Thursday, January 13, 2011

Phones Schmones

So, I've never been a big cell phone guy. I've never had the latest technology, and I'm usually at least one or two generations behind on whatever's current. But that's ok with me, I don't really text, and I don't like talking on the phone, so hey, who needs it. Right?

Well, even if you don't need to call people, occasionally people want to call you, and then when they find out you don't have a phone, suddenly you've terribly inconvenienced them. Now they have to write you an e-mail instead, or wait for you to get home to a landline and give them a call. Apparently it's sacrilege to exist sans-cellularity these days, which makes me the biggest heathen on the planet.

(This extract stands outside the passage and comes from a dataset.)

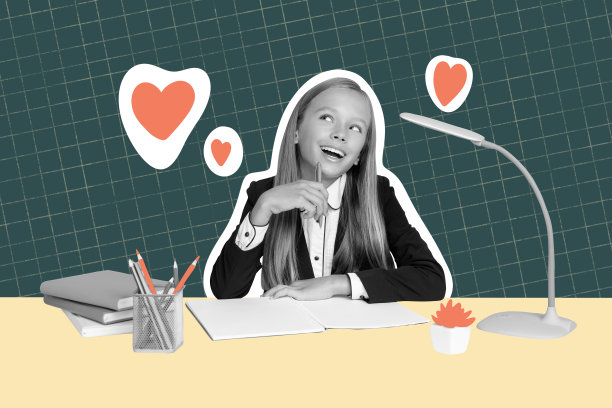 快乐的金发女学生思考作业，学校用品，心形，情人节，孤立在涂鸦背景上的拼贴照片图片下载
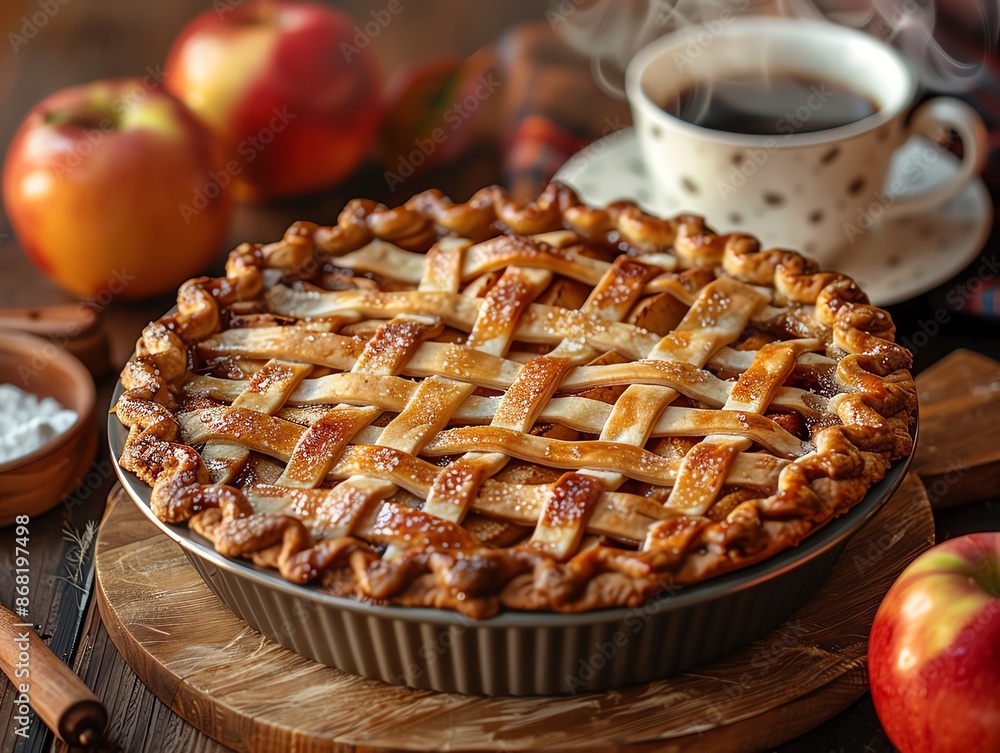 Apple pie with a woven lattice crust, presented in a cozy kitchen setting with a steaming cup of coffee Apple pie with a woven lattice crust, presented in a cozy kitchen setting with a steaming cup of coffee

It's particularly a problem when you've got a handful of people you actually do want to talk to, but they all live at least a thousand miles apart from one another--six thousand, in the case of some far-flung individuals. Long distance plans are never the most convenient or affordable, and so you're faced with establishing regular communications via-internet (which no one seems to have time for these days, aside from trite updates on your facebook page) or just losing touch entirely.

I'm typically never on the cutting edge of anything. As a general rule, I despise trends and the latest fashions, hype, hubbub, and any type of hullabaloo, brouhaha, or rigmarole for popular etiquette's sake. I usually pick up on a thing well after it's gone through it's fad phase and has settled into standard societal usage.

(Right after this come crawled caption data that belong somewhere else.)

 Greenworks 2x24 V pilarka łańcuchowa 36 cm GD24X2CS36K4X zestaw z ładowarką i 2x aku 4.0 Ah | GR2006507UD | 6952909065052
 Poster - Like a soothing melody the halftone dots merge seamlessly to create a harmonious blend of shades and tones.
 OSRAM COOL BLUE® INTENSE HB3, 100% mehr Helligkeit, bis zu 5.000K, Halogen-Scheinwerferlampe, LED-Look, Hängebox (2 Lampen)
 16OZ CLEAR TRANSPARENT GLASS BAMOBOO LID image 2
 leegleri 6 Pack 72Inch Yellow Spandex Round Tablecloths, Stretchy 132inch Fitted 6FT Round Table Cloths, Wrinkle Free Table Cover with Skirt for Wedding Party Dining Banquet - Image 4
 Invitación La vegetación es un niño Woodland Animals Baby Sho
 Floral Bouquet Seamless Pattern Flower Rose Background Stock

This practise has three purposes: one, it's saves considerable money. Trends are, on average, expensive to pursue. If you want that thing that everyone else has, you gon' hafta pay, son. Secondly, by waiting you get the benefit of letting other people test out the newest technologies and make sure they're something enduring. Nothing's worse than investing hundreds of dollars into HD-DVD players and compatible hardware, to discover that's its obsolete and irrelevant before you've had a chance to even use it.

Thirdly, and least practically, it spares my dignity the affront of having to "go along" with everyone else. I'm not above resisting the crowd simply to be stubborn, and it's a position I'll maintain probably until they put me in a coffin. If they're still doing that when I die. They may be shooting people into space by then, creating some sort of eternal, cosmic-graveyard. I'll still probably hold off on the idea for a bit, cause you know, what about meteors? Or micro-singularities? "We're sorry m'am, your late husband is somewhere in the fourth dimension, we believe, his sarcophagus being inevitably plundered by roving bands of non-euclidean space pirates." Solid earth for me, folks.

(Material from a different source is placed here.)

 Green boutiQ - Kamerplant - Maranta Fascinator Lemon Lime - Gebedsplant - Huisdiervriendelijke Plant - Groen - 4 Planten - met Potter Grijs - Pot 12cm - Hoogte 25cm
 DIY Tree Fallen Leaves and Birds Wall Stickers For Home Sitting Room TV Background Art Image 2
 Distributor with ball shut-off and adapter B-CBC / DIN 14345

So yeah. This started as a treatise on how I don't have a cell phone. But I seem to be prone to digression.

Back on track, towards the end of my stay in Canada I finally got a cell phone. It was the bottom of the barrel, basic phone, but I loved it. It had no flip screen or unfolding, magic panels or miraculous touch-screen. Just a slim, tiny, little phone that made hardly an impression in my jeans pocket. Which, is ideal. I hate being reminded I have things in my pockets.

Things were swell! Then I moved. And it didn't work. That was in September. I haven't had a phone since then.

And honestly? Haven't missed it.

Oh sure, other people have wished I had a phone, have berated me for my lack of communicability. But shucks to them! Phones here are ridiculously expensive. $70+ a month seems to be the going standard, if you want anything approaching current.

So I've decided to unlock my old Canadian phone (which barely saw any use, and is only a few months old, though I realise by most standards this makes it ancient). It hasn't proved easy! The unlocking code doesn't work, for some reason, and the service provider says they can't help. The manufacturer is in China, and my experience there has taught me it might as well have been crafted on Mars, for all the help I'm going to get.

So it looks like for now, I'm sending it to the cheapest unlocking specialist I can find. The T-Mobile man helpfully suggested I head on down to Mexico--south of the border, down under, into America's pants--and get it unlocked. I laughed, but he appeared quite serious, so I politely told him I would think about it. (I won't).